George Bush’s decision to use an entire carrier battle group as a campaign prop — and his staff’s decision to lie about it — seems to be attracting some flack: not merely from such obvious sources as Tapped, but from Glenn Reynolds and Andrew Sullivan as well.
One obvious point I haven’t seen anyone make: Bush wasn’t trained to fly Navy aircraft, so we need to hope that his claim to have been “flying” the plane was largely hyperbolic. Moreover, unless the co-pilot is strictly decorative, sending the plane up with Bush in the second seat took a small, but entirely needless, risk.
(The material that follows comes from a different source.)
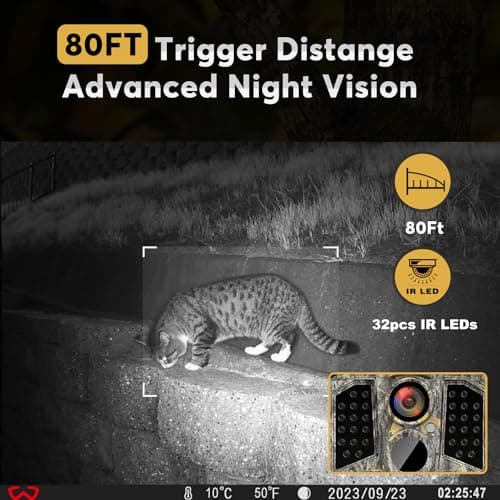 Trail Camera 3 Pack 36MP 1920P HD Game Camera with SD Cards, 0.2s Trigger Time Infrared Night Vision Motion Activated, IP66 Waterproof 2.0''LCD Wildlife Camera for Monitoring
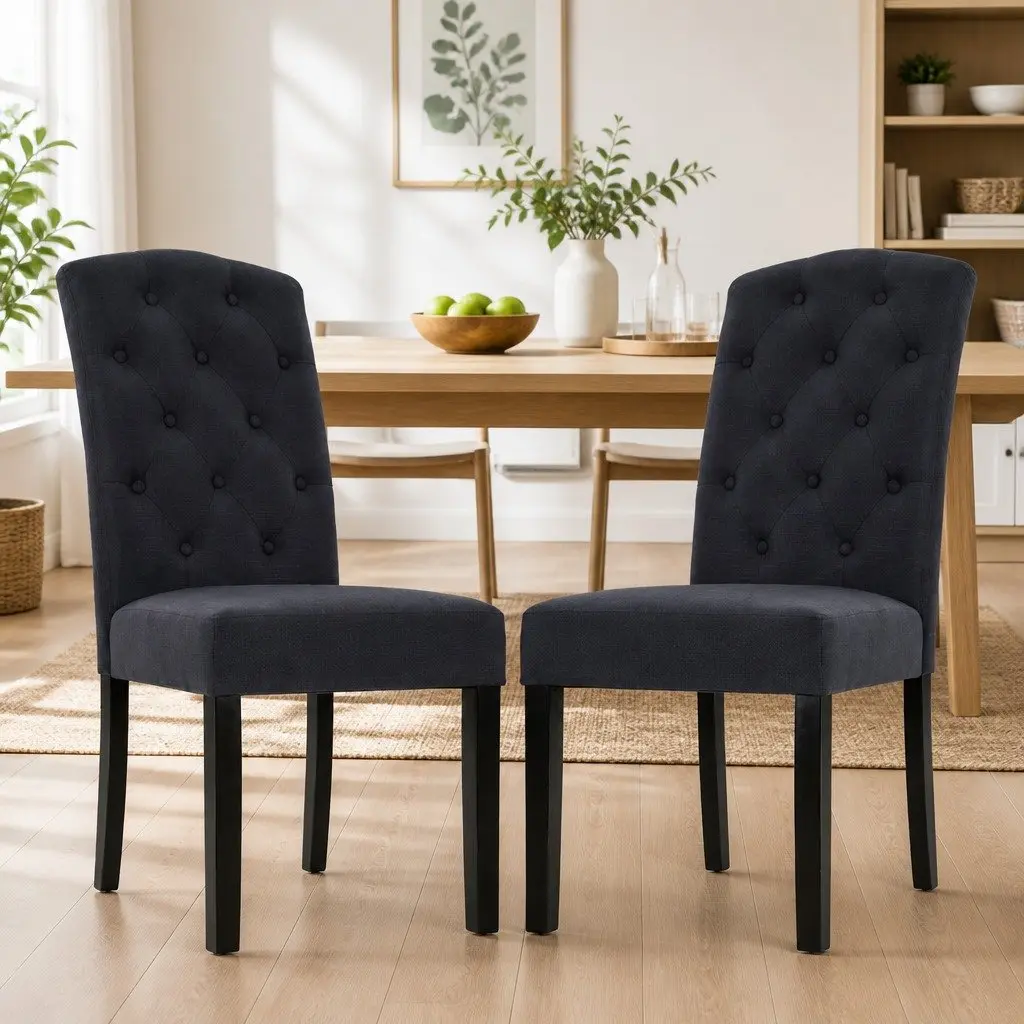 Set of 2 Dark Grey Tufted Linen Dining Chairs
But the most astonishing feature of the whole affair is that no one that I’ve seen — and certainly not the allegedly liberal New York Times, either in its news story or its editorial — mentioned the fact that Bush’s previous spell of military flying ended with his going AWOL. Can you imagine all the “draft-dodger” remarks we would have heard if Clinton had pulled a similar stunt?
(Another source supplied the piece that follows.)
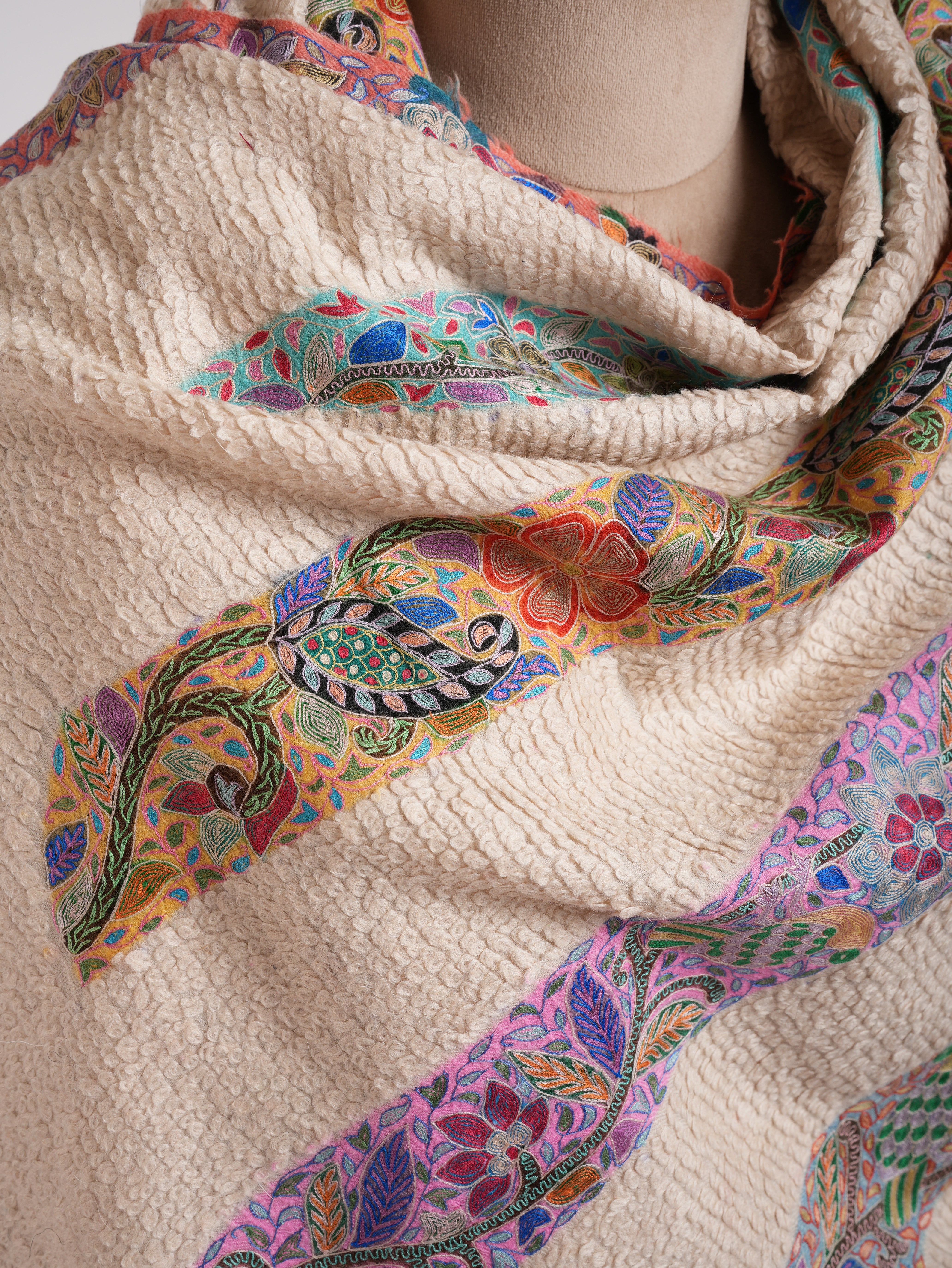 Textured Weave Kalamkari One Of a Kind Pashmina Wrap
And they wouldn’t have come only from his political opponents or from columnists, either; news reporters would have written leads reading “President Bill Clinton, whose successful attempt to avoid service in Vietnam has dogged his political career today flew co-pilot…” Bush’s Teflon coating seems to be even thicker than Reagan’s.
Update Paul Krugman stepped up to the plate on this; why hasn’t John Kerry?